Today it's Zvi, continuing last week's discussion from ACX about free range kids, with a side of Aella's very odd childhood and perspective on allowing children agency.
Zvi, as usual, has dozens of somewhat interesting links, and is worth checking out. A lot of it is related to the issue that reporting parents for potential abuse or neglect is costless and sometimes mandatory, but being investigated imposes fairly high costs, and so even among families that are not especially worried about their kids getting hurt walking to a friend's house or a local store, they might be worried about them being picked up by the police, and that can affect their ability to do things other than stare at screens or bicker with their parents. I have some sympathy for this. When I was growing up, inside the city limits, there weren't any kids I knew or wanted to play with in the immediate neighborhood, or any shops I wanted to go to, and my mother was also a bit worried about getting in trouble with the law, so I mostly played in the yard. But perhaps there would have been, if wandering were more normalized? I asked my parents about this, and they said that when they were younger, they also didn't necessarily have neighborhood friends they wanted to visit, and also mostly played in their own yards and houses, but they could have wandered around more if they'd wanted. That was in the 60s, and I'm not sure it's heading in the same direction as the ratosphere zeitgeist or not. My dad does remember picking up beer for his grandma as a kid, which is also mixed.
My impression of the past is mostly formed by British and Scottish novels, where lower class children would rove around in packs, causing trouble (a la Oliver Twist), and upper class children would have governesses, tutors, or go to boarding school, where they were supervised a bit less than now, or about the same amount, and the boys would oppress each other a bit. Upper class girls could go for a walk in the garden with their governess. The police probably have an interest in stopping children from forming spontaneous gangs, which the suburban families were seeking to avoid. The not firmly classed rural children (educated, able to become teachers, but not able to enter high society) are represented as roving the countryside a bit (Anne of Green Gables, Little House on the Prairie, George Macdonald novels), and get into a bit of trouble, but there were only a few families around, and everyone knew who everyone was. My grandmother grew up in such a place, then divorced before it was cool, and taught in the South Pacific. I can't tell if wandering through the heather or prairie a lot is better or worse than reading lots of books and playing in the backyard.

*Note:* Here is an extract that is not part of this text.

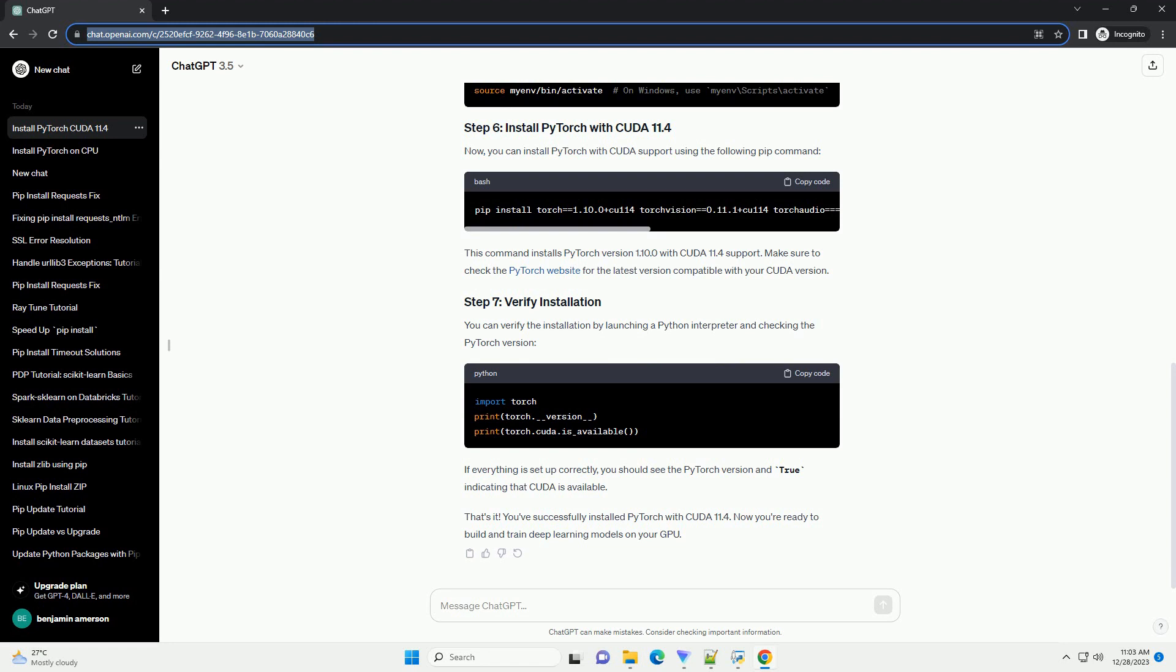It's a good practice to create a virtual environment to isolate your project dependencies. Use the following commands to create and activate a virtual environment.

The free range stuff, while it may be important for some people, seems a bit orthogonal to the Everything is Childcare problem (probably more about lack of extended family), since the age at which a child could feasibly be wandering the countryside or neighborhood (8? 10?) is the same age when they can be quietly reading novels or playing with their siblings or being dropped off at events while their parents drink a coffee or visit a bookstore or something. Unless that's also not a thing anymore?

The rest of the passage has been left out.